Meanwhile, Russia is focusing its forces on its assault of the eastern city of Bakhmut, the Ukraine military said. All of this while at least two people were killed and almost a dozen were injured during a Russian strike on Kupyansk, a town about 160 kilometers (100 miles) north of the concentrated fighting in Bakhmut.
Here are the top headlines you need to know:
- Missiles moratorium in question: Russia may end its self-imposed moratorium on the use of its ground-based intermediate and shorter-range missiles, according to Vladimir Ermakov, the Russian foreign ministry's head of nuclear nonproliferation. Russia would continue to adhere to the moratorium based on the US missiles deployed, their characteristics and their ability to reach the Asia-Pacific region, Ermakov told state-owned media agency TASS.
- Cultural sites destroyed: Ukrainian President Volodymyr Zelensky said that “more than 60 museums and galleries in different regions of our country have also been destroyed or damaged by the occupiers” since the invasion began. Two women were killed in a Russian attack using S-300 missiles, which hit a museum in Kupyansk.
- Assault on Bakhmut: Russia is targeting its assault on the already-battered eastern city of Bakhmut, the Ukrainian military said. The situation in Bakhmut keeps changing, as “there is a positional war going on,” said Serhii Cherevatyi, a spokesman for the eastern grouping of the Armed Forces of Ukraine.

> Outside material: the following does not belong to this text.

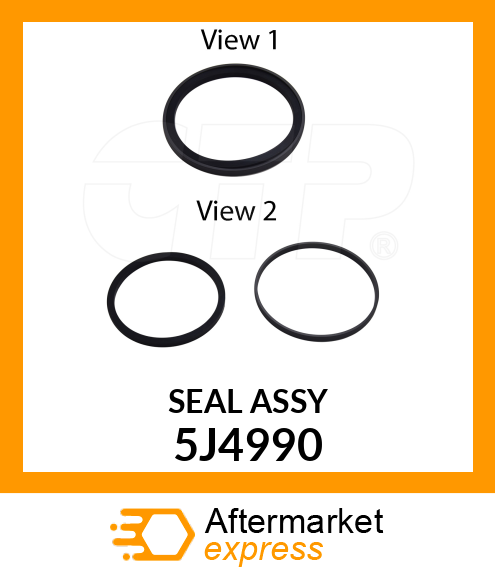 SEAL A 5J4990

- Drone video: New video released by Ukrainian Defense Intelligence appears to show a drone strike against a Russian surveillance complex in Kherson. The video is dated as Monday, but CNN cannot confirm when the operation took place. There is growing evidence of Ukrainian strikes against Russian targets behind the front lines in the south.

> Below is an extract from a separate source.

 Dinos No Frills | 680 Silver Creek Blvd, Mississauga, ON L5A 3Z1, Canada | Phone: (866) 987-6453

- Evacuations happening: Ukrainian officials say evacuation measures are being implemented in some Russian-controlled towns in the occupied Zaporizhzhia region.

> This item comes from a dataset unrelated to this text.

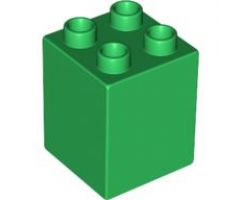 Duplo, Brick 2 x 2 x 2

Ukrainian Defense Intelligence has released video appearing to show a drone strike against a Russian surveillance complex on the east bank of the Dnipro River in Kherson.
One of its units posted on Telegram that the target was destroyed at the Kakhovka hydroelectric plant at a distance of more than 6 kilometers (approximately 4 miles,) and eliminated a Russian surveillance station.
The video is dated April 24, but CNN cannot confirm when the operation took place.
The video shows an operator watching surveillance video, purportedly from another drone. Smoke emerges from the upper story of a building, which CNN has geolocated as on the Russian-held side of the Dnipro River at the power plant.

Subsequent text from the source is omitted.